Frank · October 8, 2017, 7:54pm

In very simple cases, you can create an intermediate object containing the row numbers, but in general, that won't work...

DF = data.frame(id = LETTERS[1:5], v = rep(0:1, 2:3))
w = which(DF$v == 0)
DF$v[w] <- NA

# reversible as...
DF$v[w] <- 0

To properly write the reversal line, you have to keep around the w object and review the line that created it, which is probably not worth the rigmarole compared to simply rerunning the eariler lines to recreate the data.

Also, the philosophy behind tidyverse entails not overwriting your input data in the first place. See for example...

dplyr will never support in-place mutation of data. This is something I feel very strongly about.

--from the dplyr issue tracker

There are tools for tracking changes (e.g., with data.table), but general reversal for any modification is probably too hard a problem.

nick · October 8, 2017, 8:04pm

If possible, I would suggest working on a smaller data set while working through the logic of your code. This should speed up the coding process, and then you can substitute back in your full data set once you have the logic worked out. The main problem with this approach is if you discover that your full data set will run into memory issues that a smaller one won't, but you likely have some feel if that is a potential problem on a given analysis.

mara · October 8, 2017, 9:21pm

I'm with @nick on that recommendation. Thought I haven't tried it out myself lumberjack is, I believe, a package/method through which you can keep track of what happens to (perhaps) indiv. data records. (see also here).

Harikrishna · October 9, 2017, 4:21am

@mara lumberjack looks interesting, will try out that and see if I can do something. Thanks for the answer

mara · October 9, 2017, 3:24pm

It's definitely not gonna give you a Ctrl-Z (nor should it), but worth looking into!

taras · October 9, 2017, 5:07pm

I agree with @mara here: I've always been saving any manipulated object as a new object exactly because I didn't know how else to "undo" the change; and once you adhere to it - there shouldn't be any problem...

I wonder if some of the changes you make "experimenting" even have to go into your script. I mean, feel free to play with the data in the console without assigning it to an object, look at the outputs, and when ready and sure - add to the script.
I think this could work on some 1 or 2 step modifications.
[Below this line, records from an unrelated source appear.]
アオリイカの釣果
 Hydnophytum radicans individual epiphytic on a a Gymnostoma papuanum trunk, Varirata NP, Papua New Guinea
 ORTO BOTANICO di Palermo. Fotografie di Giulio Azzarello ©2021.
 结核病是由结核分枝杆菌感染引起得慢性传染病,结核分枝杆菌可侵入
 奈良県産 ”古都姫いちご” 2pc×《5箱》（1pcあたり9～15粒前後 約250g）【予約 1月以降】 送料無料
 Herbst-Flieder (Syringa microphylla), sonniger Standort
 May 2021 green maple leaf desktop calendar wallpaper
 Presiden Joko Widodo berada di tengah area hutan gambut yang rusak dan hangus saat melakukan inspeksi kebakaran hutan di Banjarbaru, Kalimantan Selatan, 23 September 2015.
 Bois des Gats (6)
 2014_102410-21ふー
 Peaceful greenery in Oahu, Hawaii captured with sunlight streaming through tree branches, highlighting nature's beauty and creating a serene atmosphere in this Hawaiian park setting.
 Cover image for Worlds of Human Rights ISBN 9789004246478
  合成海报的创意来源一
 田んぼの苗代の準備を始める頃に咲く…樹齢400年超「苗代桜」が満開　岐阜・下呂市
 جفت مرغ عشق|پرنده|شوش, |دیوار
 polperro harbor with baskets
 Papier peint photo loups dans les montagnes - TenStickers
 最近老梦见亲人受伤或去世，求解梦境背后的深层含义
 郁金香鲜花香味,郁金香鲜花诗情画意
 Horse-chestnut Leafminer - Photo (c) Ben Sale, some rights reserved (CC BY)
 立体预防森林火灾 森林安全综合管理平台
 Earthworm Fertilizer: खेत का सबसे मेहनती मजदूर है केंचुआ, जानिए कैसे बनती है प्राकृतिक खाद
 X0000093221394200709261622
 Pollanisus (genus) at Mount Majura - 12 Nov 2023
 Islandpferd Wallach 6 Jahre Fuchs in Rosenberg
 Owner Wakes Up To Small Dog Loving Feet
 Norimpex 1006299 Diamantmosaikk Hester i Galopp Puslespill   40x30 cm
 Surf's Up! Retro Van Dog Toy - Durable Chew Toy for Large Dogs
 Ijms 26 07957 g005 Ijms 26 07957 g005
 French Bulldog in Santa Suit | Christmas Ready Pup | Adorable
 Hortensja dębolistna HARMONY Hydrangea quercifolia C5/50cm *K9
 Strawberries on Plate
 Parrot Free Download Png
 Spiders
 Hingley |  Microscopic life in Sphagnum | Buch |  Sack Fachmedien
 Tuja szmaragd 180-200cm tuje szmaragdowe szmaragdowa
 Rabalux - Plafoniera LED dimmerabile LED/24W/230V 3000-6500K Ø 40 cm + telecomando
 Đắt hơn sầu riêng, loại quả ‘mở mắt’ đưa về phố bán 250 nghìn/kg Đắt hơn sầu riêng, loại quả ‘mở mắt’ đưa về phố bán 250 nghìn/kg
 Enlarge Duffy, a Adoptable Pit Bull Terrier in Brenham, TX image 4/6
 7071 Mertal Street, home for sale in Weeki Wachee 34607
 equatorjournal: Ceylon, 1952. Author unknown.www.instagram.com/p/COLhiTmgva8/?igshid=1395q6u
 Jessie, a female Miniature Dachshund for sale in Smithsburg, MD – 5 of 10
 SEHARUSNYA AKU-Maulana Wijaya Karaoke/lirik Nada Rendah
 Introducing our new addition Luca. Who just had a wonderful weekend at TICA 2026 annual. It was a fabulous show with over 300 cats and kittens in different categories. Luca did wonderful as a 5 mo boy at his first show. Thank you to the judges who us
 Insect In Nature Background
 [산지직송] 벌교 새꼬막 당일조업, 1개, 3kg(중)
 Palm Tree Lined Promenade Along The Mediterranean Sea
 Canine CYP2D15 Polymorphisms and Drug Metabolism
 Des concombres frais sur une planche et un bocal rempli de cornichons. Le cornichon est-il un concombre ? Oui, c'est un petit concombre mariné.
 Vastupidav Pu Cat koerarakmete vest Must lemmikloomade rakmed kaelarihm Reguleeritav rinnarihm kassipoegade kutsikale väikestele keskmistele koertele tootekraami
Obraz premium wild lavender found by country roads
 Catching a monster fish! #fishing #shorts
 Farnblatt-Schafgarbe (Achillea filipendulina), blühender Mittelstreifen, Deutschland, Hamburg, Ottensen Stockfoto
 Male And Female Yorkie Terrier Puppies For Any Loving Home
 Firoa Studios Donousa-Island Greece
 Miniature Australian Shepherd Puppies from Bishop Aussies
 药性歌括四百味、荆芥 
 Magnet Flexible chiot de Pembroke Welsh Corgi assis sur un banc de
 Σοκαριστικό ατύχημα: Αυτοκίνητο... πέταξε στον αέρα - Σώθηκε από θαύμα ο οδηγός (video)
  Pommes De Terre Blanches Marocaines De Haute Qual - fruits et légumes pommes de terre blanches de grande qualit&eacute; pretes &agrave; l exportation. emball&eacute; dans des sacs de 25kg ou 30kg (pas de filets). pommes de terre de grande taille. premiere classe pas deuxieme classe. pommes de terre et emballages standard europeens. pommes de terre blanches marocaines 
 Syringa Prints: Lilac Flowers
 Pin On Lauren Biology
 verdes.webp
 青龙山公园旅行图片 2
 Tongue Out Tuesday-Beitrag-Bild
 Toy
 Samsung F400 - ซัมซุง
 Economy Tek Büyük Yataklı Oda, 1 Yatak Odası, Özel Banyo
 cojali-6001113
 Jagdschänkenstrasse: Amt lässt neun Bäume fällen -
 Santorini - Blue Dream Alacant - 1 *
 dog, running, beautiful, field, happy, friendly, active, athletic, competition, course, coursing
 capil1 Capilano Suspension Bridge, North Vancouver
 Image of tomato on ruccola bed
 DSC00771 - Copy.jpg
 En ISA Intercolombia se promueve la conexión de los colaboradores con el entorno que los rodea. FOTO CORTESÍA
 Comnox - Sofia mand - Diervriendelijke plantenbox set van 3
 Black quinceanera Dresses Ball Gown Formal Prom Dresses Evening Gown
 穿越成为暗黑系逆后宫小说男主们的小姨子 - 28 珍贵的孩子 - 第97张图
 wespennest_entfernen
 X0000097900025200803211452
Wouldn't work if you go down the rabbit hole right away though...

I totally agree that sometimes it is very time-consuming to re-run the script. However, personally, I find this process to be the best way to ensure that my script is correct and it is going to run again tomorrow. Restarting the session is one of the most frequent things I do.

Reminds me of this thread:

rpodcast · October 15, 2017, 3:54pm

I'd also recommend looking at the archivist package which gives you a version control-like mechanism for any R object. The functions take a little getting used to but I'm starting to use it in analysis projects as well as shiny apps to keep track of user manipulations to various artifacts.

thoughtfulnz · October 15, 2017, 7:58pm

When you think about it, the desire to store partial results through the course of an analysis is literally what is going on when you use Rmarkdown and set a chunk to be cached.

With the knit process, it starts from a completely clean environment, then either runs the code or loads the cache depending on the chunk settings.